* **Problem details**
Without any of the pictures, transcribe all the lines below exactly.

* **Input data**
● ● ● ●
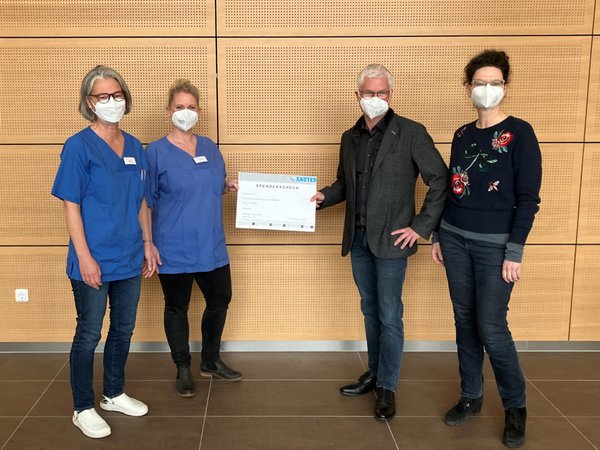 Vier Personen mit FFP2-Maske halten einen Spendenscheck.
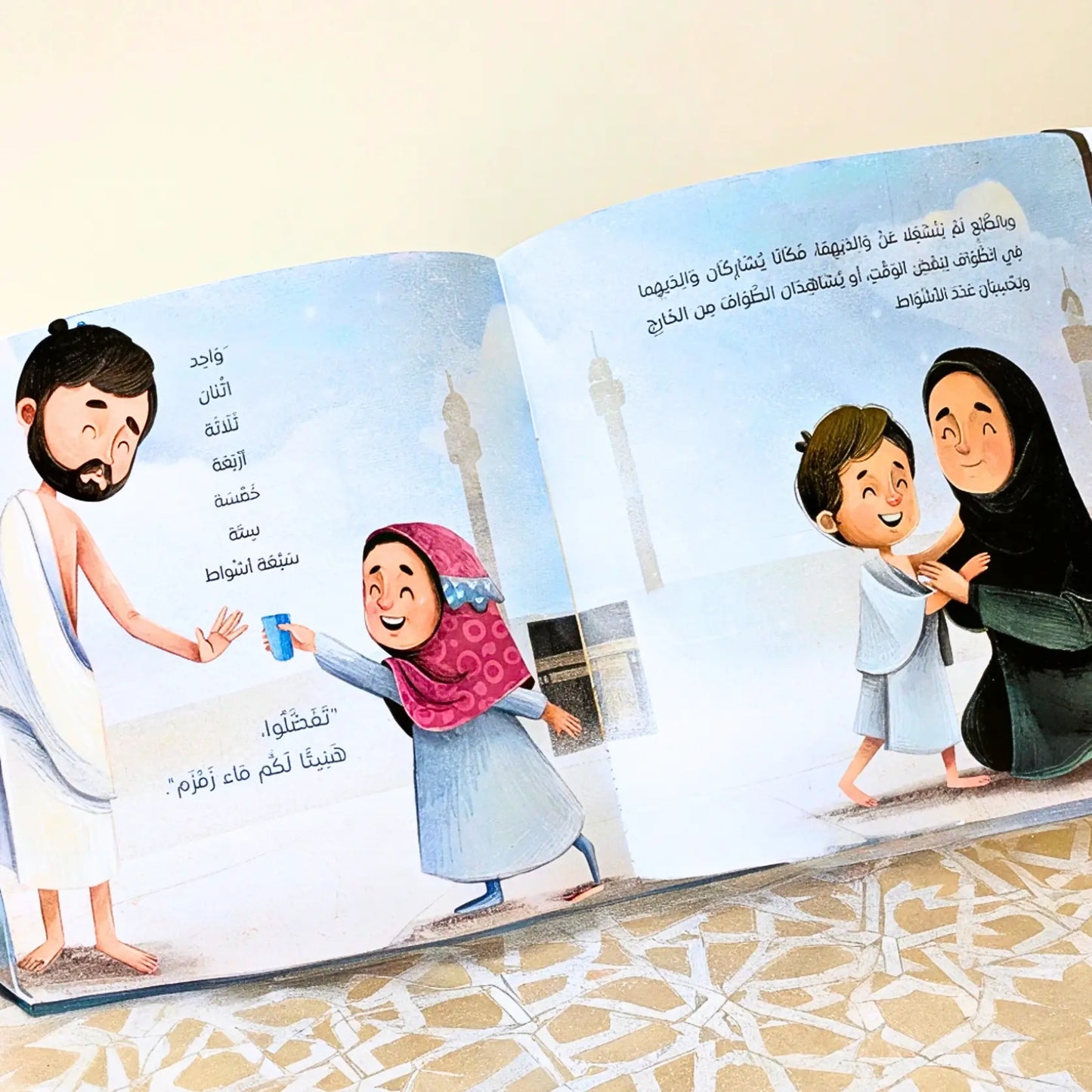 Open book with illustrated pages showing a family and a mosque on a white background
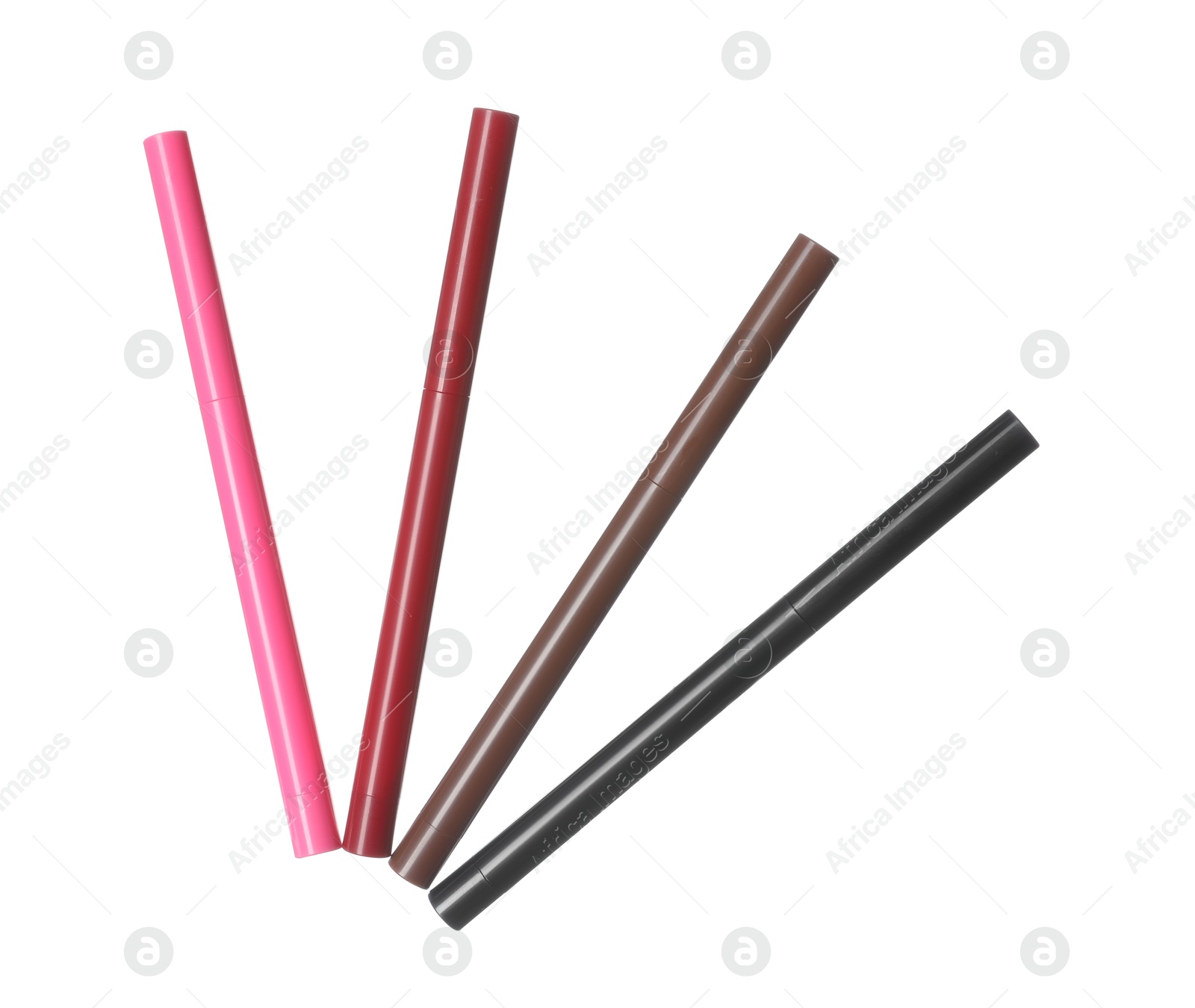 Bright twist up eye pencils isolated on white Photo of Bright twist up eye pencils isolated on white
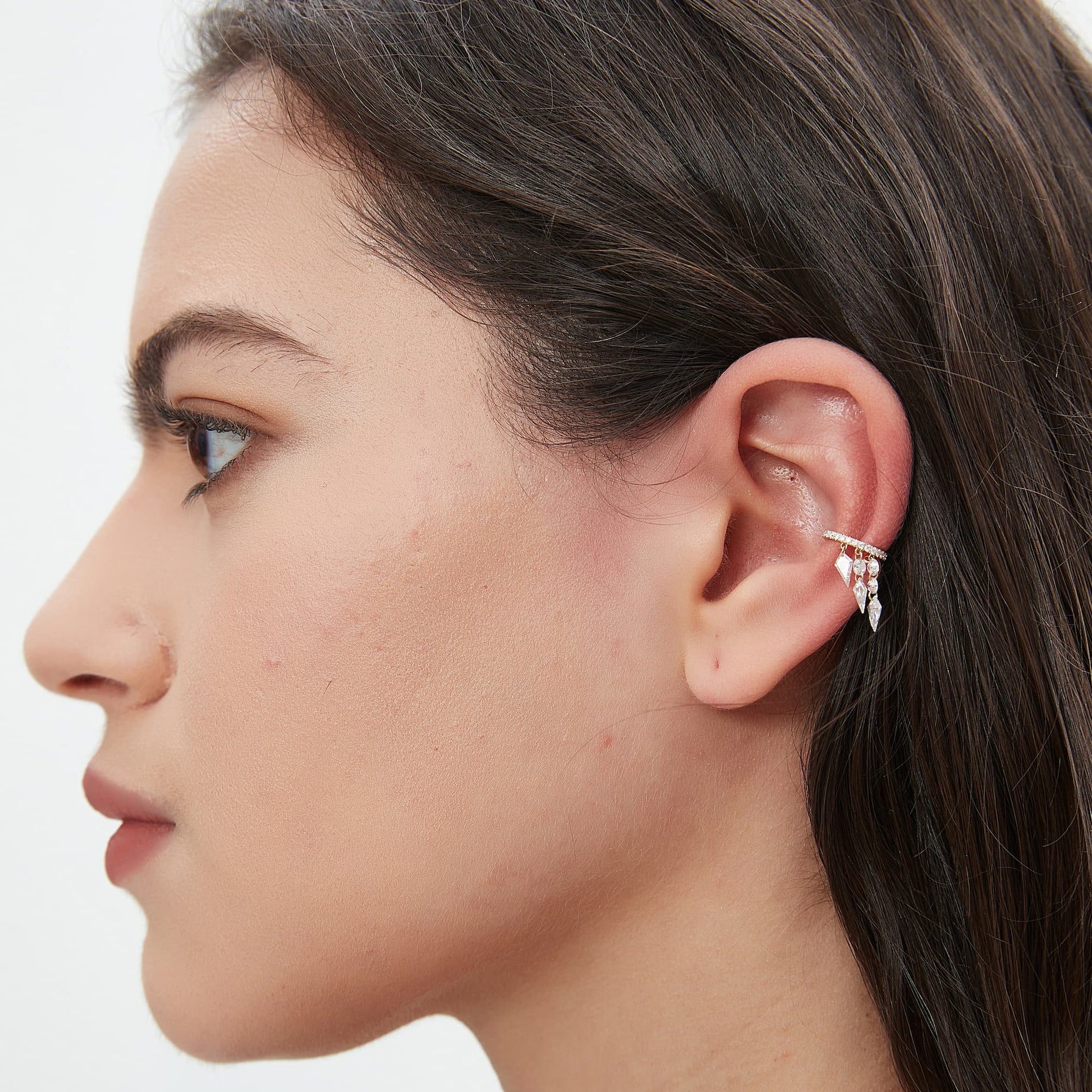 Lifestyle styling of the triple-row kite diamond cuff in an ear stack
● ● ● ●
* **Worked solution**
 Vier Personen mit FFP2-Maske halten einen Spendenscheck.
 Open book with illustrated pages showing a family and a mosque on a white background
 Bright twist up eye pencils isolated on white Photo of Bright twist up eye pencils isolated on white
 Lifestyle styling of the triple-row kite diamond cuff in an ear stack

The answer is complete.